Personally, I am no longer interested in assisting with this case, but @Nail1684 and @DenBesten are both more than capable of troubleshooting, should they choose to continue engaging with you.

Best regards:

First of all, I would like to thank @denbesten for a different approach to the problem than the other two users who have responded to my post.
I’m just a “premium” user who has clicked a “Deauthorize Sessions” . It’s that option or button that I pressed twice.
What I see that is not well understood is that I cannot be blamed for using an option, even if it is an emergency according to some, and that does not work.
Using the vehicle analogy:
I can’t use the hazard lights because it’s not an emergency? And if when there is an emergency I use them and they don’t work, what will happen??
Last thought: Let’s say that I am a user, an investigative journalist by profession and I am in danger, I need to disavow the session of my computer that I cannot access and I have to do it from an internet café remotely. It will be closed ?? Or will I end up in garbage bags?
Thank you.

Nobody is “blaming” anybody. One thing to know is that in English, blaming or accusing someone of blaming is mildly rude. You may be using an “innocent” word in your native language, but the translator is changing it to something that is not.
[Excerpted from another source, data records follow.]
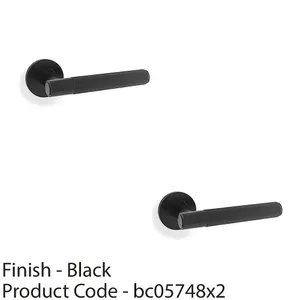 2 PACK - SOLID BRASS Reeded Door Handle Set - Matt Black Straight Lever on Round Rose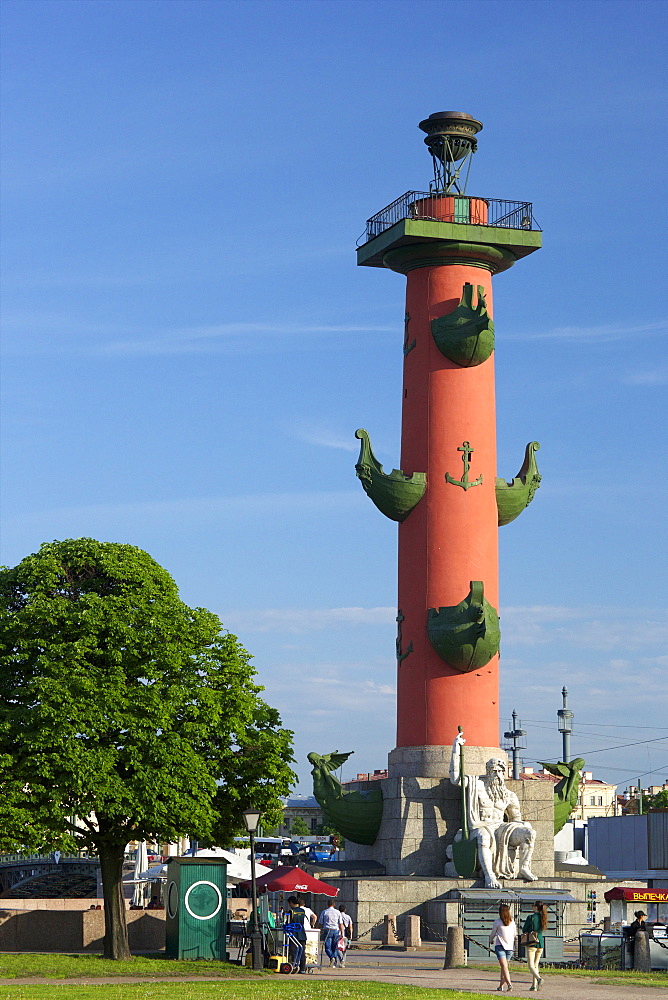 Rostral Column, Strelka of Vasilievsky Island, St. Petersburg, Russia, Europe 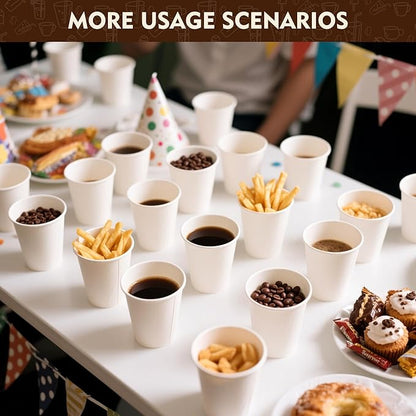 YEEHAW 8 oz 1000 Pack Disposable Paper Coffee Cups, White Hot Cups for Hot Coffee, Hot Liquid, Ideal for Cafes, Bistros, Businesses and Family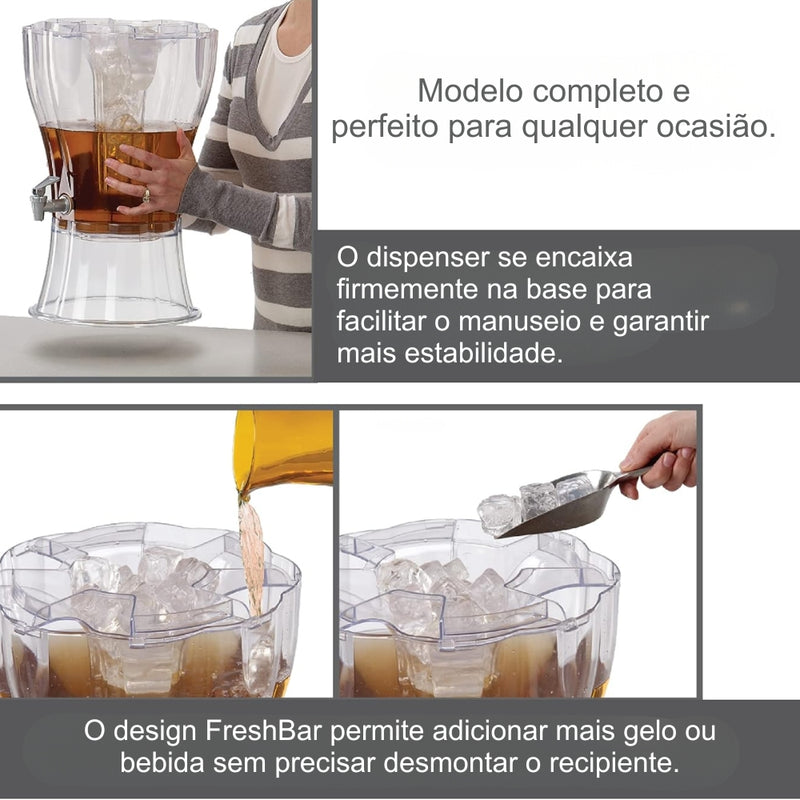 FreshBar® - Dispenser de Bebidas 9L com Tampa Multifuncional
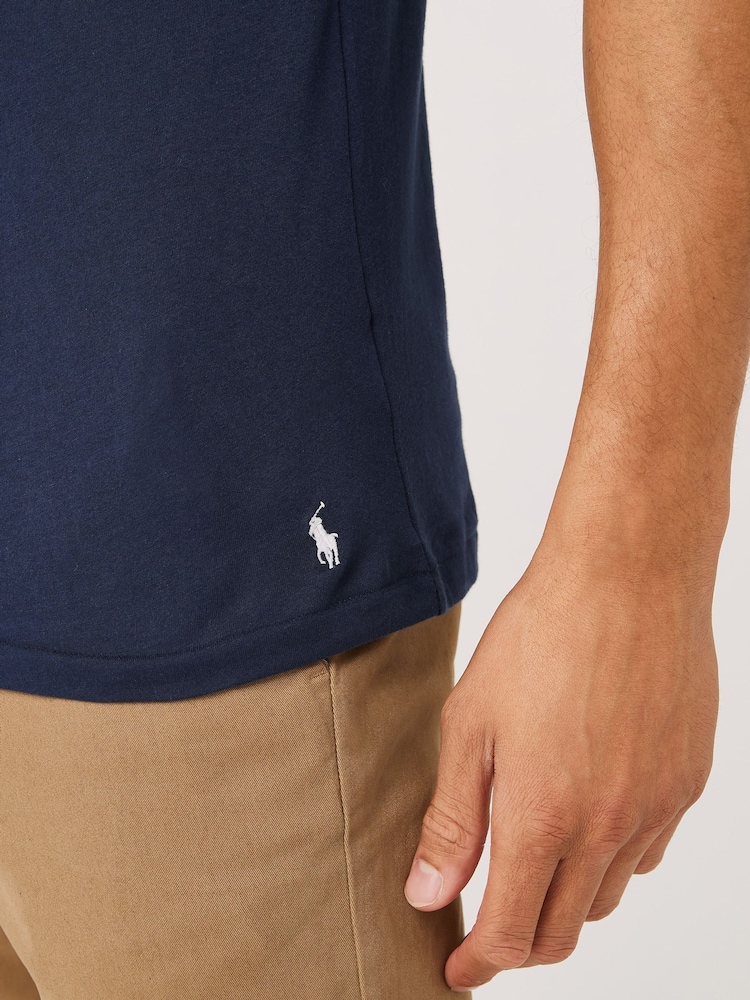 Polo Ralph Lauren Blue/Grey Slim 100% Cotton T-Shirts 3 Pack - Image 4 of 7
I think everyone understands that you want deauthorization to be immediate. Everyone has that same desire. Fact is, though, that it is not. We can tell you why it is not and we can offer you alternatives to help work around the limitation of it not being immediate. However, we can not make it immediate because doing so depends on too many things outside our (and everyone’s – including the programmer’s) control.

To use one of your analogies, deauthorization is more like a road-flare. You need to stop the car, get them out of the trunk, light them and walk back 100 paces to properly warn oncoming traffic. Each of these items takes time and there are places where any of them could fail, such as your matches being wet. Despite these limitations, road-flares have value because they work even if your battery dies.

Timeout is more like brake lights. They come on automatically. Because of this, I know to slow down when I see lots of brake lights ahead. Hazard flashers don’t help nearly as much because I need to depend on others doing the “right thing”.

The one good thing you should take away from this is that since you tested “deauthorize”, you now know its limits and you now know that it alone is not enough.